In der Schweiz wurden die FATF- / GAFI-Empfehlungen zur Feststellung des wirtschaftlich Berechtigten im Rahmen der Sorgfaltspflichten der Finanzintermediäre implementiert und durch entsprechende Reglemente der Selbstregulierungsorganisationen präzisiert.

Meldende schweizerische FI müssen für die Feststellung der beherrschenden Person auf die aufgrund von Verfahren zur Bekämpfung der Geldwäscherei erhobenen und verwahrten Informationen abstellen.

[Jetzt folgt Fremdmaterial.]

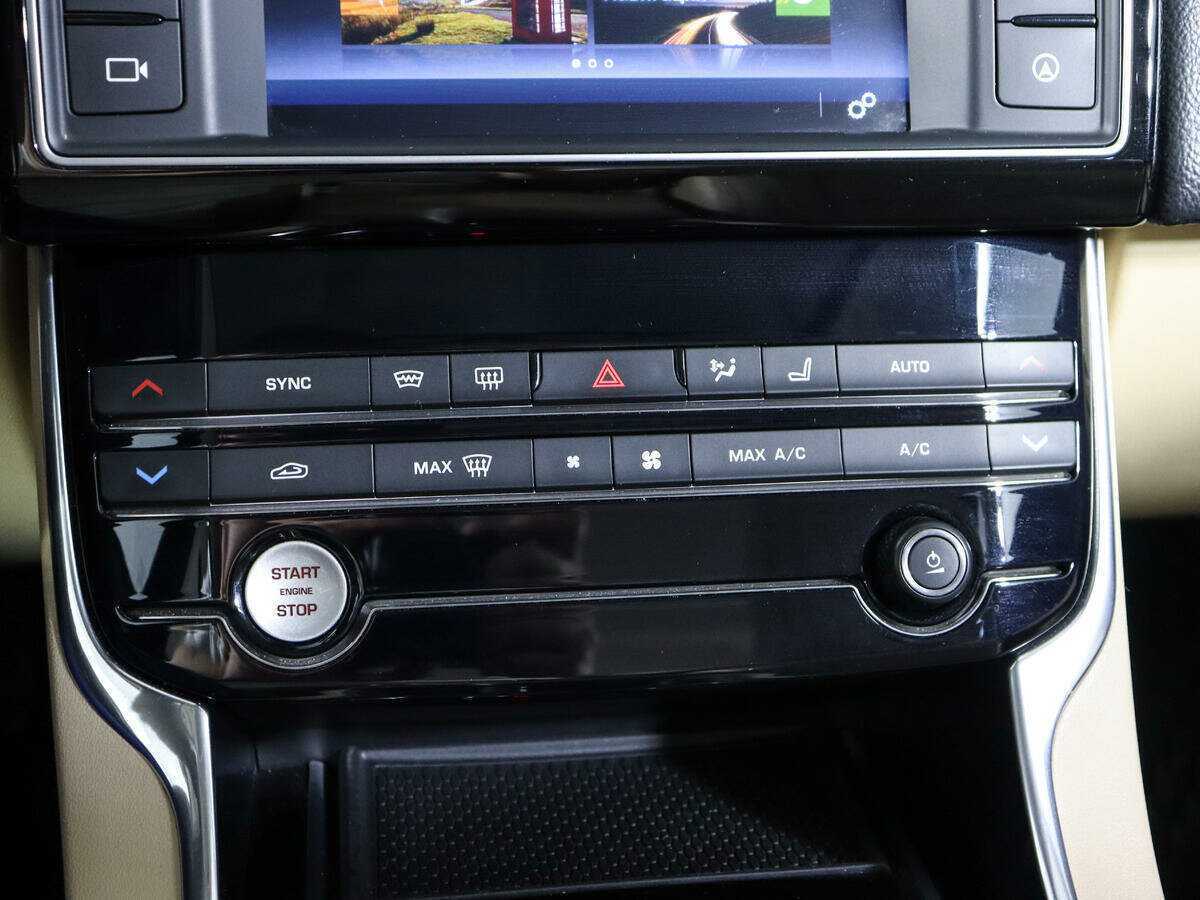 Jaguar XE, 2016 Фото №23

Diese Verfahren beinhalten die Identifizierung und Überprüfung der Identität des Vertragspartners inklusive die Feststellung des wirtschaftlich Berechtigten und der Kontrollinhaber, der Art und des Zwecks der gewünschten Geschäftsbeziehung sowie die ständige Überwachung.

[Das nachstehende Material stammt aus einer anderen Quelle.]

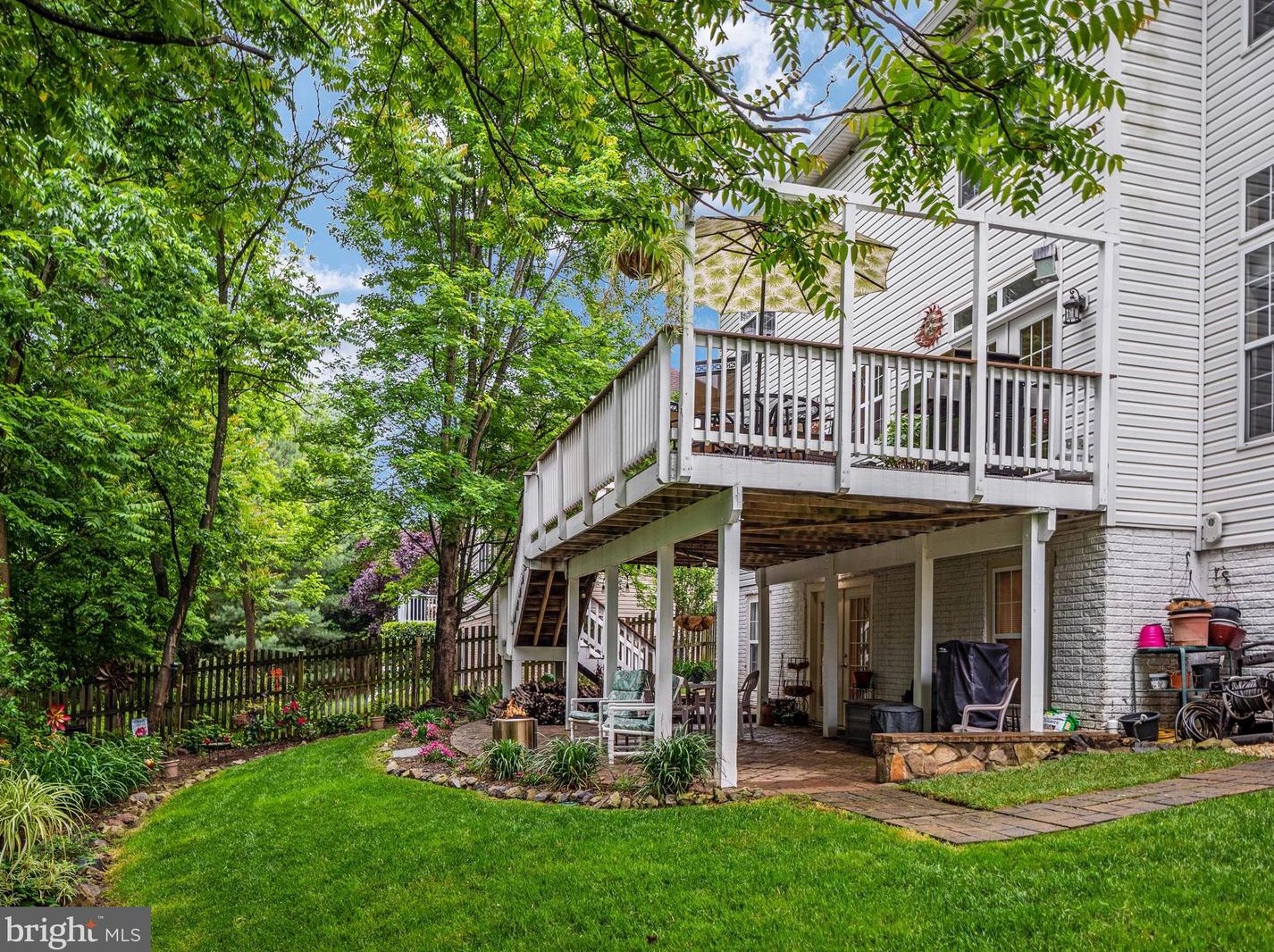 842 Macalister Dr, Leesburg VA 20175-8905 exterior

Die Auflagen in Bezug auf die Verfahren zur Bekämpfung der Geldwäscherei ergeben sich aus dem GwG, der GwV-FINMA, der Geldwäschereiverordnung ESBK, den durch die gemäss Art. 24 GwG anerkannten Selbstregulierungsorganisationen (SRO) diesbezüglich erlassenen Bestimmungen sowie der Vereinbarung über die Standesregeln zur Sorgfaltspflicht der Banken (VSB 16).

Bei gewissen Rechtsgebilden (Trusts, Trust-ähnliche Rechtsgebilde) sind spezifische Regeln vorgesehen.

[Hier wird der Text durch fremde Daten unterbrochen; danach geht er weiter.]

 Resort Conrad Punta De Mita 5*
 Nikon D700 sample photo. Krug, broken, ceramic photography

Im Falle von Trusts, die als passive NFE gelten, werden sämtliche natürliche Personen in folgenden Rollen (falls vorhanden) als beherrschende Personen bezeichnet:

  • Treugeber (Settlor),
  • Treuhänder (Trustee),
  • Protektor,
  • Begünstigter,
  • Angehöriger einer Begünstigtenkategorie sowie
  • sonstige natürliche Personen, die den Trust tatsächlich beherrschen.

Grundsätzlich müssen sämtliche natürlichen Personen, welche oben genannt wurden, als beherrschende Personen angesehen werden, unabhängig davon, ob sie den Trust tatsächlich beherrschen.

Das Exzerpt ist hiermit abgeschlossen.